Togoland Projections

Nordic Film Days Lübeck, Germany
4 November 2023 – 10:15 am – Stadthalle 7
followed by a colonial city walk in presence of the director

World Premiere
DOK Leipzig
– German Competition Documentary Film –
10 October 2023

Shortly before the First World War, the “African explorer” and film director Hans Schomburgk went on an unprecedented film expedition to West Africa to shoot adventure and documentary films in the exotic setting in the north of the then German colony of Togo. These remain virtually unknown in Togo to this day. Guided by the travelogue of actress Meg Gehrts, Jürgen Ellinghaus travels more than a century later with a mobile cinema to original locations of Schomburgk’s films. Together with the Togolese viewers, Ellinghaus explores the historical context of the film images and the effects of colonialism. What do the films show, what do they conceal about “Togoland”, which was praised at the time as the “model colony” of the German Empire?
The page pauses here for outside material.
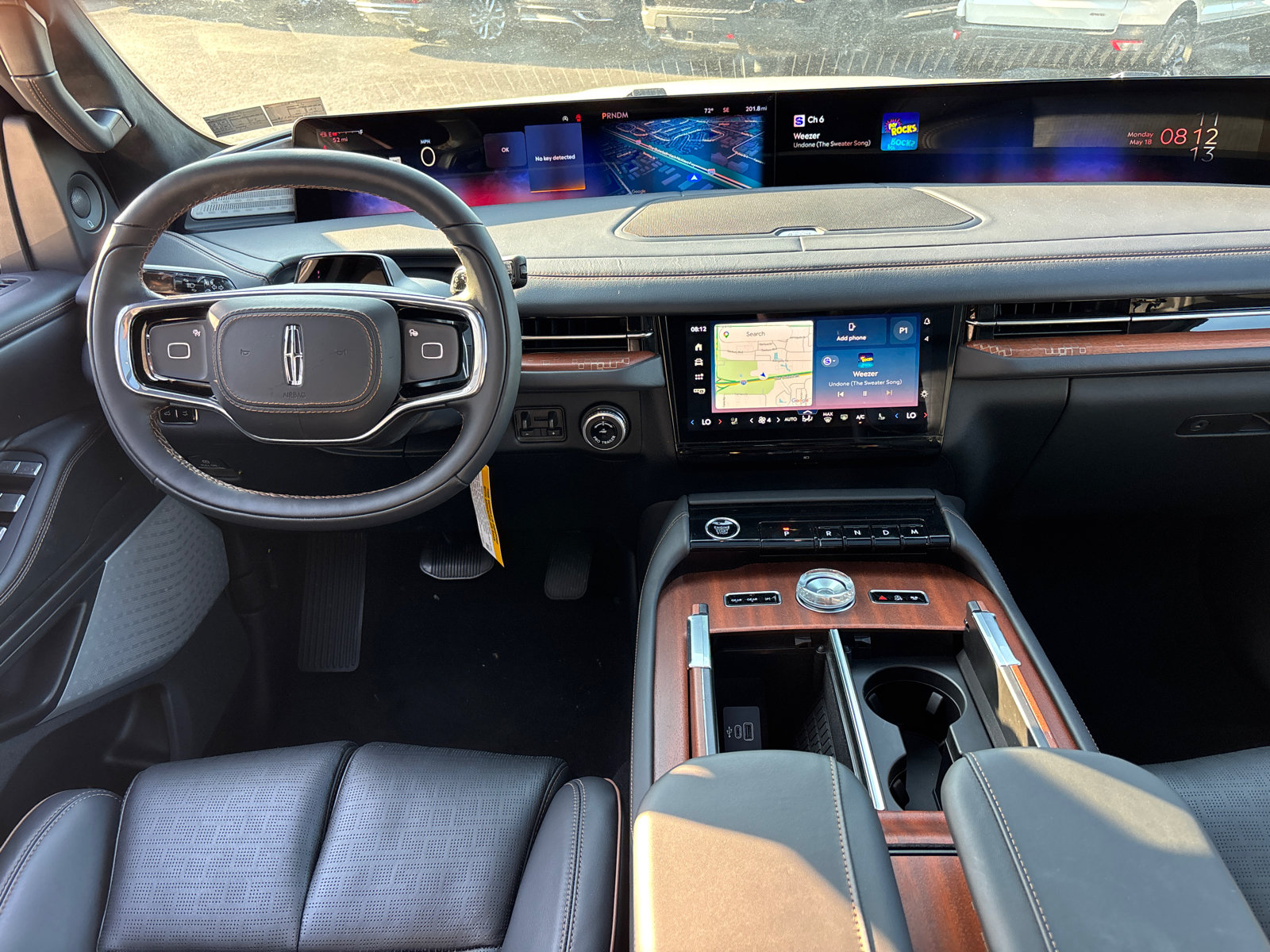 New 2026 Lincoln Navigator Black Label AWD/4WD image 28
Something not seen before, an important meta-perspective on film and history. Magasin Opulens, Sweden, 17 Oct. 2023

director: Jürgen Ellinghaus
genre: theatrical documentary
duration: 96 min.
format: HD / DCP 5.1
year: 2023

French original title: Togoland – Projections
German title:
Togoland Projektionen

original languages: Ife, French, Tem, Mina, Bassar, Kabiyé, Anufo, Dagbani, sign language, Konkomba

with: Mensanh Degbe, Dermane Halassani, Abla Mawouvi, der Historical Cavalry of Chaudjo, Malou-Ouro Issa Touré, Griot Kanan M’bamanana, Zola DJ, the village elders of Adibo, Fammiè Kandjiné and her deaf-mute pupils, with the audience in Kamina, Sokodé, Bassar, Bandjéli, Mango, Iboubou und the Cinereflex meeting in Lomé

writer & director: Jürgen Ellinghaus
camera: Rémi Jennequin
sound: Caled Boukari
editor: Nina Khada
assistant director: Nassirou Saliou
camera assistant: Antoine K. E. Evolasi
sound assistant: Dieu-Donné Tchani
projectionists (CNA – Association Togolaise du Cinéma Numérique Ambulant): Joël M’Maka Tchédré, Essovalè Metcheri, Innocent Logdouti
driver: Koko Avisse, Herman da Silva, Koffi „Kaiser“ Kabouré
trainee (Togo): Espoir Tchani
set manager: Patrick Ayele-Yawou

commentary voice: Jürgen Ellinghaus
voice Meg Gehrts: Manuela Weichenrieder
English language coaching: Tim Lee
music: Eustache Kamouna

sound design & mix: Anders Wasserfall
color grading & completion: Arno Schumann
head of post-production: Denis Liakhov
assistant editor: Gaïa Rase Casanova, Pierre Mamolo
translations EN: Babelfisch Translations – Justin Hillier

production manager: Véronique Puvilland (Les Films de l’oeil sauvage), Henriette Degener (maxim film), Madjé Ayité (UGP), Günter Thimm (rbb), Gérard Claudel (Vosges TV)

funding provided by:
CNC – Centre national du cinéma et de l’image animée
nordmedia – Film- und Mediengesellschaft Niedersachsen/Bremen
Région Sud Provence-Alpes-Côte d’Azur (with participation of the CNC)
Ciclic-Région Centre-Val de Loire (with participation of the CNC)
PROCIREP – Société des producteurs – and ANGOA
Fund for Audiovisual Innovation, CNC
Promotion Award of the Rendez-vous de l’histoire, Blois, 2015, with the support of the ECPAD, the INA, the Region Centre, with the collaboration of the Ciclic

The film screenings in Togo were supported by the Embassy of the Federal Republic of Germany, Lomé

commissioning editor: Rolf Bergmann, rbb (Rundfunk Berlin-Brandenburg)
producers: Frédéric Feraud, Peter Roloff, Madjé Ayité
French-German-Togolese co-production: Les Films de l’œil sauvage, maxim film, Universal Grace Production with and Rundfunk Berlin-Brandenburg and Vosges TV with the participation of TV5MONDE

world sales: AndanaFilms – Stephan Riguet, Grégory Bétend

pictures on this site: © Les Films de l’oeil sauvage

Jürgen Ellinghaus on his film TOGOLAND PROJECTIONS

As a documentary filmmaker, dealing with Togo’s colonial past appealed to me in several ways. Firstly, there were these archival images, unique for the time they were made. On the occasion of my first trip to Togo, I learned that in today’s Togo they were known only to a handful of specialists in German studies or historians but were not only completely unknown to local filmmakers or the wider public, but also hard to access. I found this untenable, more than 100 years after the creation of these images and today’s possibilities of digital technology.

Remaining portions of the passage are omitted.